Im Prater blühn wieder die Bäume“: Das taten sie schon 1916, als ein heute weithin vergessener gebürtiger Prager, Kurt Robitschek, diesen Text zu einer Melodie von Robert Stolz lieferte; das tun sie auch heuer wieder, bald 30 Jahre, nachdem die für die Robitschek'schen Praterbäume, die Rosskastanien nämlich, so fatale Kastanienminiermotte Österreich erreicht hat.

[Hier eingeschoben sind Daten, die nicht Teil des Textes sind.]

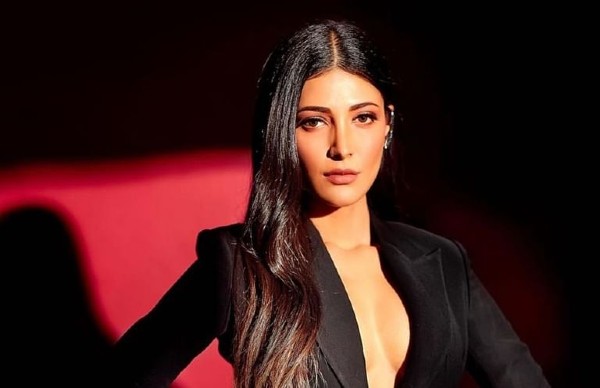 কী এই PCOS কী এই PCOS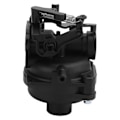 Miniatyrbilde 7 av 8: Forgassersett passer til Troy Bilt TB200 TB110 for Husqvarna LC 121P skyvegressklipper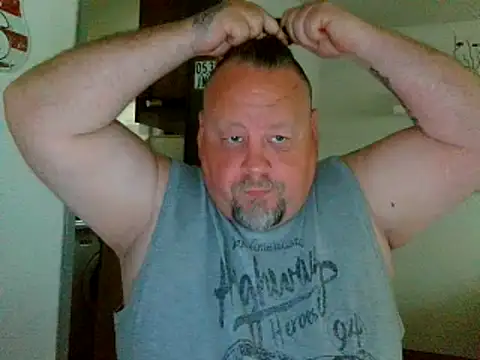 pimmelmann3 online show from May 19, 2026, 4:47 pm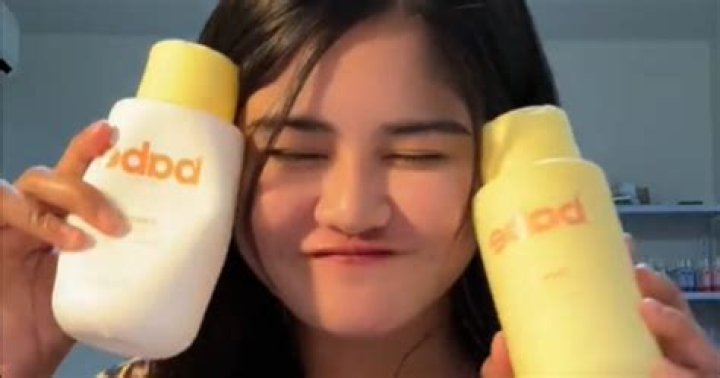 Where Is Kamangyan Now | Issue And Scandal News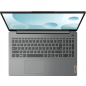 Ноутбук LENOVO IdeaPad 3 15IAU7 82RK3NSTRU - Фото 5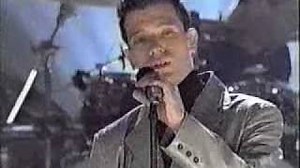 NSYNC - Music of My Heart (NSYNC & Gloria Estefan)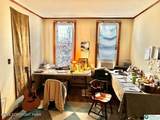 507 Delaware Avenue - Photo 28
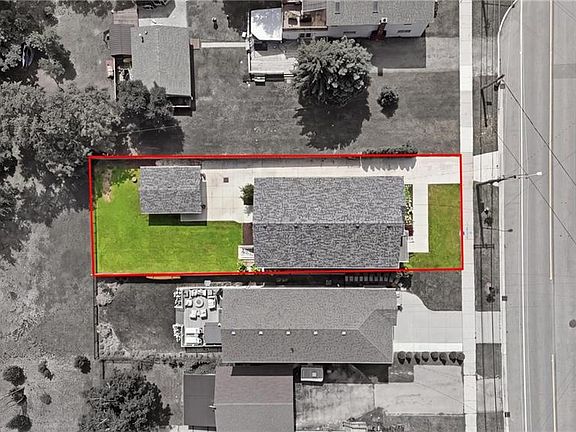 5th image of 793 Beach Blvd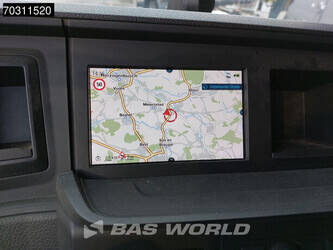 2022-man-tgs-35-430-1415103-45412877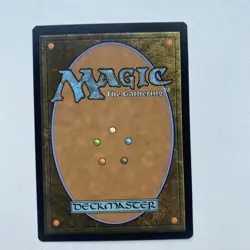 MTG Damnation Modern Masters 2017 Regular NM - Image 2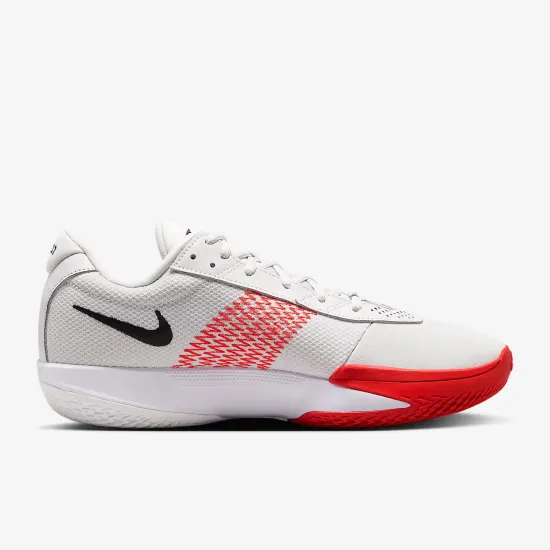 Кросівки Nike G.T. Cut Academy FB2599-013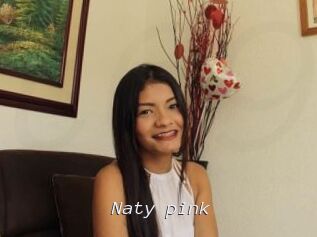 Naty_pink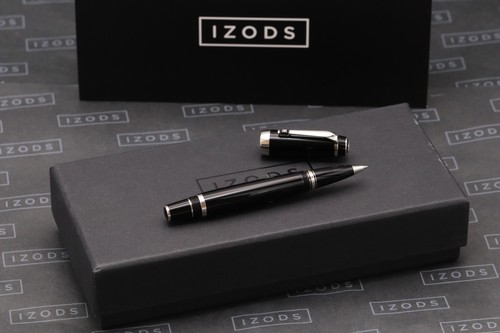 Montblanc boheme noir - montblanc,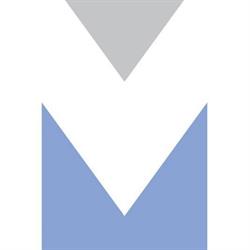 Mission Orthodontics, Calgary, AB opening hours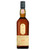 Lagavullin Scotch Whiskey 16 Year, 750 ml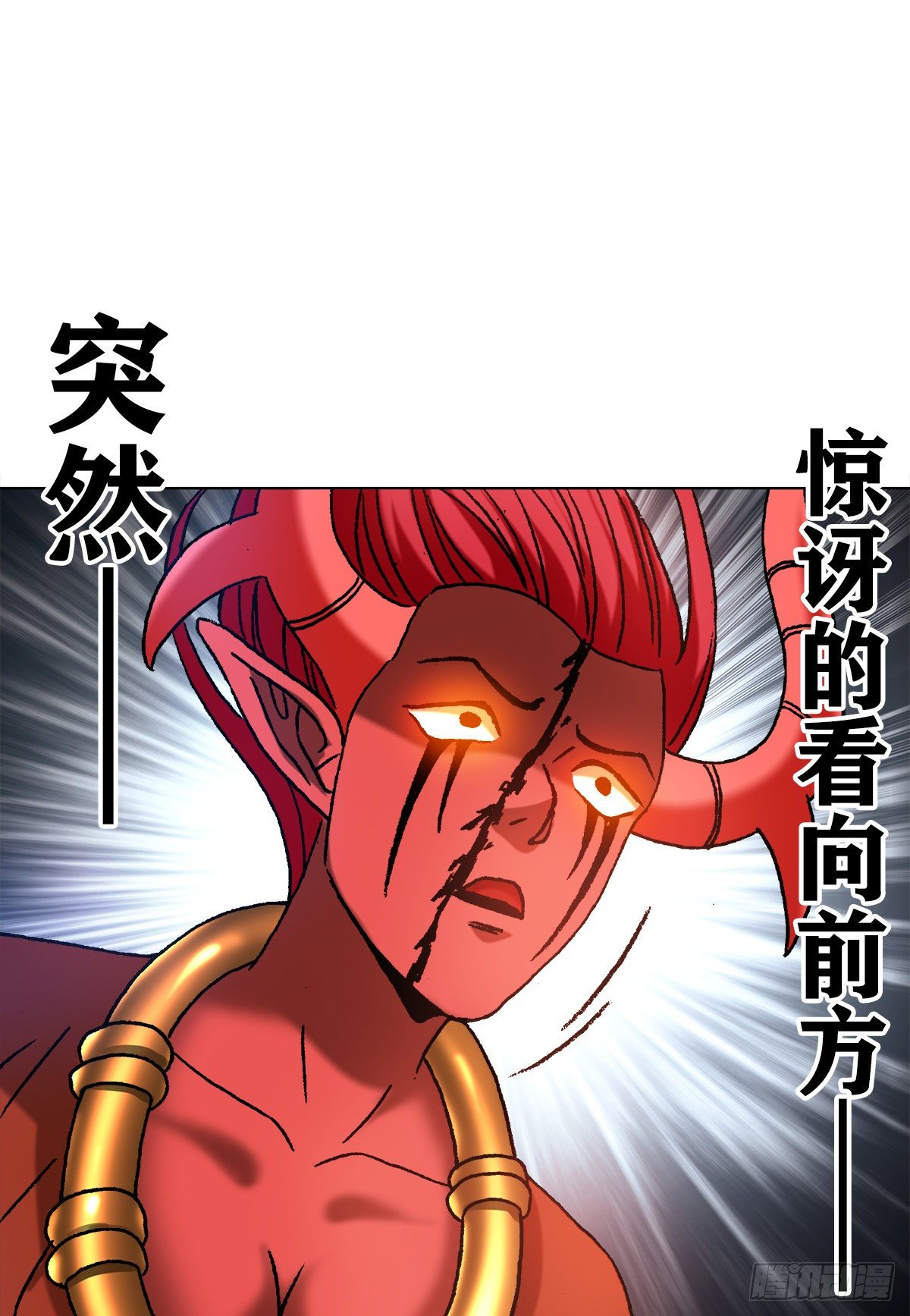 1224 垂死挣扎3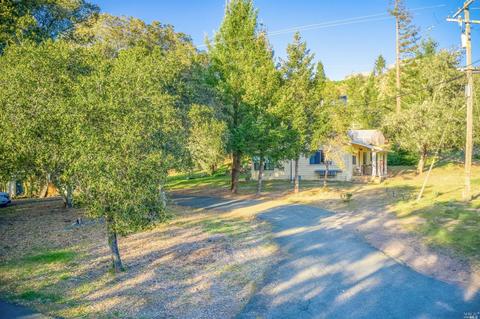 2585 Trinity Rd, Glen Ellen, CA 95442 photo 3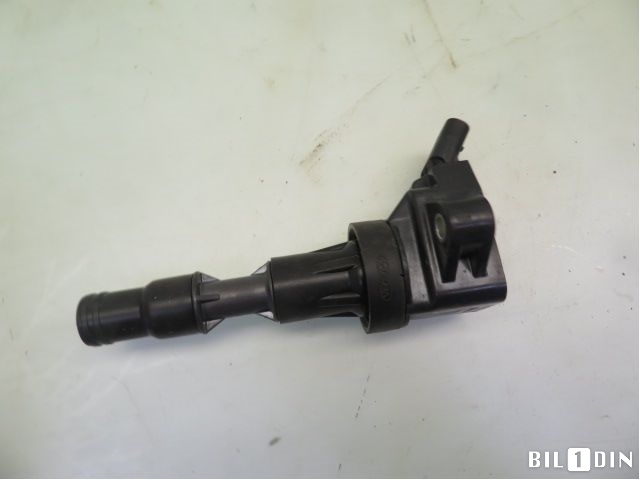 Coil elektronisk til Kia Rio 2017-->> Type IV  (KIA|2730104110|)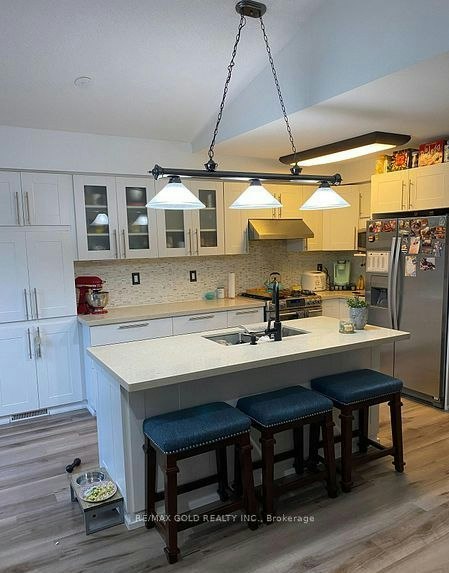 39 Fiddleneck Crescent, Brampton, ON, L6R 1R3 - 9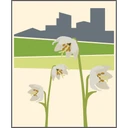 Santa Clara Valley Habitat Agency logo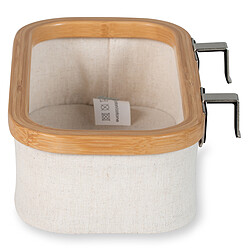 Corbeille & panier Quax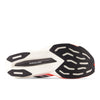 mfcrrcu2-urg hardloopschoenen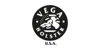 Vega Holster USA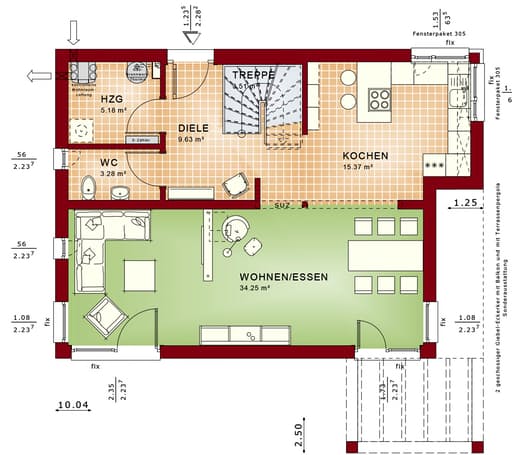 Concept-M 134 TR V2 floor_plans 0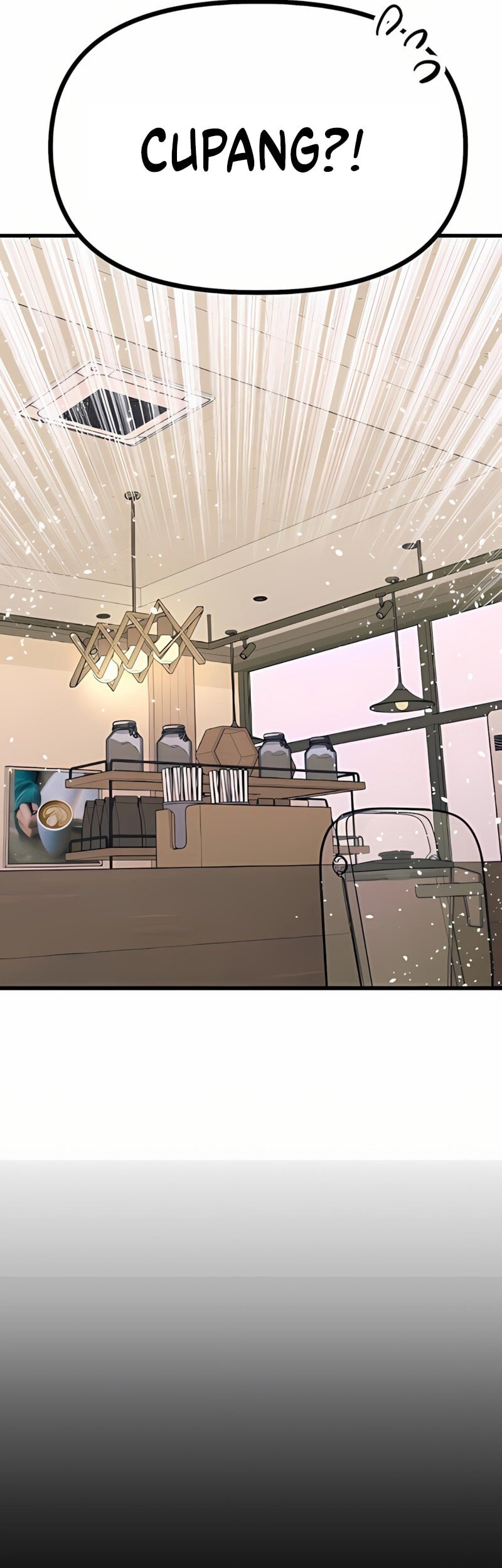 My Bias Gets On The Last Train Chapter 37 Gambar 85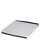 HENGST FILTER E1916LI Filter, Innenraumluft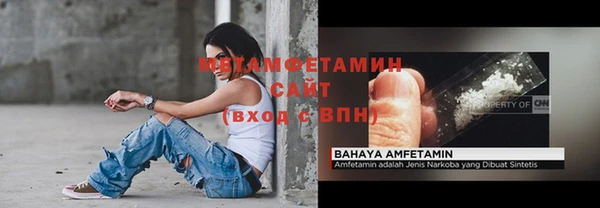 ПСИЛОЦИБИНОВЫЕ ГРИБЫ Белоозёрский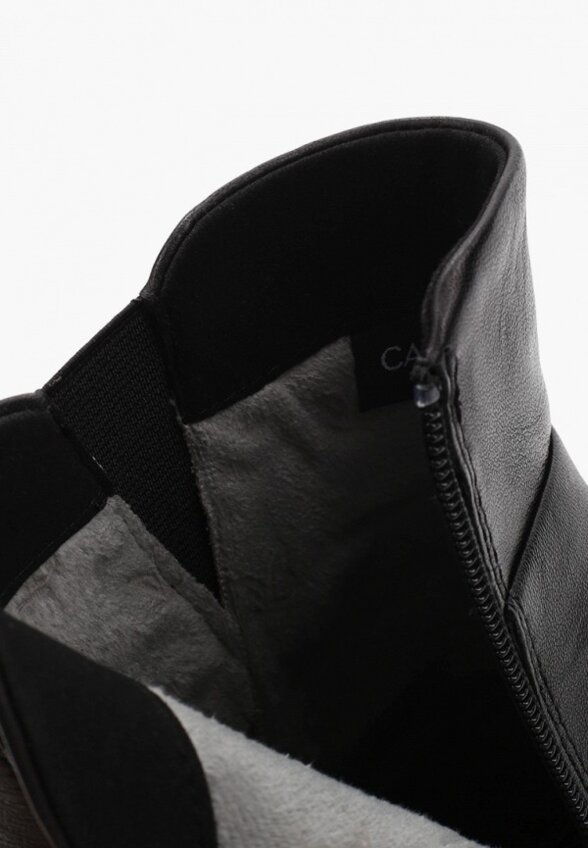 Ботильоны Caprice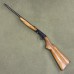 Browning SA-22 Rifle .22LR - USED - Copper Custom Armament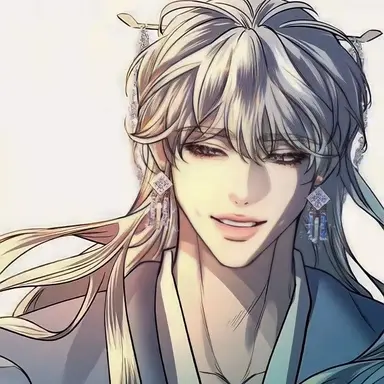 Profile image of 에이타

Deren Larven drangsalieren die hiesigen Rosskastanienbestände seither mit bedauerlicher Verlässlichkeit, doch immerhin haben wir mittlerweile halbwegs mit der flatterhaften Lästigkeit zu leben gelernt: Kundige Gärtner schaufeln jeden Herbst das Rosskastanienlaub aus Parkanlagen und von Straßenrändern (eine der wenigen tauglichen Maßnahmen gegen den Befall), und zumindest in Wien hat man sich darauf verständigt, nur mehr Bestände von historischem Wert, etwa die in der Hauptallee, im Fall des Ausfalles artgleich nachzusetzen. Die allerdings aus gutem Grund: Schließlich zählt die Rosskastanie zu den quasi konstitutiven Merkmalen Wiens, und das keineswegs nur (siehe oben) im hiesigen Liedgut oder wegen ihres spektakulären Frühlingskleids, sondern – und gemeinsam mit dem Flieder – auch des Geruchs wegen. So wollen Studien Rosskastanie und Flieder als typisch Wiener Düfte erkannt haben. Wozu passt, dass auch der Flieder, jedenfalls der „draußen in Sievering“, längst höhere Liedweihen, noch dazu aus der Feder von Johann Strauss, erfahren hat.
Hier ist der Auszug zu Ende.